Lysczek: One of the key issues I see with the LEOBR is the reliance on polygraph examinations. Polygraphs are permitted (and can be performed without a lawyer present) even though the State does not consider such exams to be admissible evidence in criminal trials. Science does not back-up the use of polygraphs and continuing to use this obsolete discovery method has long-term negative effects on police officers. A failing polygraph can follow an officer throughout their career, even if the ‘failed’ questions were benign. It impedes their ability to testify and jeopardizes cases.
What strategy would you adopt to address the opioid addiction and overdose crisis?
Lysczek: My answer here is relatively similar to my answer to Question 12. The opioid crisis is an epidemic, and there are effective methods for responding to an epidemic.
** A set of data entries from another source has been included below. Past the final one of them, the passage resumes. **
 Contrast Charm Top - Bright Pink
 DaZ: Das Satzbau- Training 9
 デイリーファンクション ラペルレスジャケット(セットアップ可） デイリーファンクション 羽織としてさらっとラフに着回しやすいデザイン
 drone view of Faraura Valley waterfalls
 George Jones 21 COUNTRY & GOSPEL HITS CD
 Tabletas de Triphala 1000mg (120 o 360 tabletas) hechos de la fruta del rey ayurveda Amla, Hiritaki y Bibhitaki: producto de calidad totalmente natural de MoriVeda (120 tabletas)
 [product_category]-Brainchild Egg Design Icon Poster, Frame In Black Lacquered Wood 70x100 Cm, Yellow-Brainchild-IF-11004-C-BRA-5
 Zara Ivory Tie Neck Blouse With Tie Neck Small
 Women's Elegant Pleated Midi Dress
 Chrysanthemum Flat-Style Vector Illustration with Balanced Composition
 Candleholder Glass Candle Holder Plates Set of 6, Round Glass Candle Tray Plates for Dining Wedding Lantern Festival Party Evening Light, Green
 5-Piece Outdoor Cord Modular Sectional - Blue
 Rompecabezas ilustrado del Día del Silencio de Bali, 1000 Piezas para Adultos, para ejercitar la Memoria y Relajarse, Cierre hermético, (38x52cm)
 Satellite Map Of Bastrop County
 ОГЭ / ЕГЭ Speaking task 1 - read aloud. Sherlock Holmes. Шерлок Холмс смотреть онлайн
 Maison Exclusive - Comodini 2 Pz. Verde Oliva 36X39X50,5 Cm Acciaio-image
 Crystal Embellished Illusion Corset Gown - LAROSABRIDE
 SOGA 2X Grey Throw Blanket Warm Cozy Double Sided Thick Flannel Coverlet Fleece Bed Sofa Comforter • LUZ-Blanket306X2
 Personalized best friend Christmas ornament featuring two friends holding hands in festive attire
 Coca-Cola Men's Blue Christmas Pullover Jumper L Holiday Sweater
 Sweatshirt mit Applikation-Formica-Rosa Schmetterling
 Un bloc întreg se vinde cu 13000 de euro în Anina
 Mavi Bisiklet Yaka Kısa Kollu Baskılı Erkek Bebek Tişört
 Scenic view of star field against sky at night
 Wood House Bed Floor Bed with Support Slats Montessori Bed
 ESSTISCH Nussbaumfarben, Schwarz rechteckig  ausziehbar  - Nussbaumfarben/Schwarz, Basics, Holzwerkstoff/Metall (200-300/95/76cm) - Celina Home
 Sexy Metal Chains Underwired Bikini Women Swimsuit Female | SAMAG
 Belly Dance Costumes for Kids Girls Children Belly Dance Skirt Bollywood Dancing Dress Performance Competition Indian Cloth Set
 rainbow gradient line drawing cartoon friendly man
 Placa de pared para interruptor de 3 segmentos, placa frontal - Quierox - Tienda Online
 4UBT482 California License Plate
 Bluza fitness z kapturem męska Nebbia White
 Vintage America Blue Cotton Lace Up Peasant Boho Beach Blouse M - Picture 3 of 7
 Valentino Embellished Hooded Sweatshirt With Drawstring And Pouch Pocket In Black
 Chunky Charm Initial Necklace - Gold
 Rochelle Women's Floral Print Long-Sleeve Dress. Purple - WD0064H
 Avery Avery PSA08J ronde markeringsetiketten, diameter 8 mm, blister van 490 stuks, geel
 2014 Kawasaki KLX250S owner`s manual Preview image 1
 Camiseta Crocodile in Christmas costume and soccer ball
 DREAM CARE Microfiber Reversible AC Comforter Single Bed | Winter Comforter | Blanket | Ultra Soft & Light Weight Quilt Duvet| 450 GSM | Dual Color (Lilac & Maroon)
We’ve got to help those actively struggling with addiction, deploy intervention specialists in neighborhoods where it is spreading rapidly, and continue with our public education efforts. Also, studies have shown medical cannabis to have a significant effect on reducing opiate reliance. We should actively research the potential for an expansion of our medical cannabis program as yet another method of responding to this crisis. Long term, however, we need to re-evaluate the way we look at mental health. Mental health needs to be viewed (and treated as) an essential component of physical health. Insurance companies need to cover mental health and simple mental health checkups need to be included in everyone’s healthcare regimen. I understand this is a broad sweeping change, which won’t happen overnight.
What if anything should the state do to address income inequality?
Lysczek: Tough question: there isn’t an easy fix. Our economy has changed, significantly. Most of the old manufacturing sector, which was a large employer for entry-level people, is gone. Personally, I don’t think it’s coming back. I think we’ve shifted into a new economic era. Bottom line, we need to 1. Train people for jobs that exist in our current economy and 2. Encourage entrepreneurship/self-employment. That’s about the only way an individual can take ‘control’ over their income. This goes hand-in-hand with changing the business climate in Maryland (see Answer 13).
Do the state’s Public Information Act and open meetings laws adequately ensure Marylanders’ ability to exercise oversight of the government?
Lysczek: Technically, those laws permit some ‘oversight,’ but I think what most citizens are concerned with is the ability to provide input and feedback (and have their concerns addressed). This goes beyond mere oversight, obviously. I think the laws are sufficient, however. It is (and should be) up to the individual government bodies whether and how they will consider citizen feedback.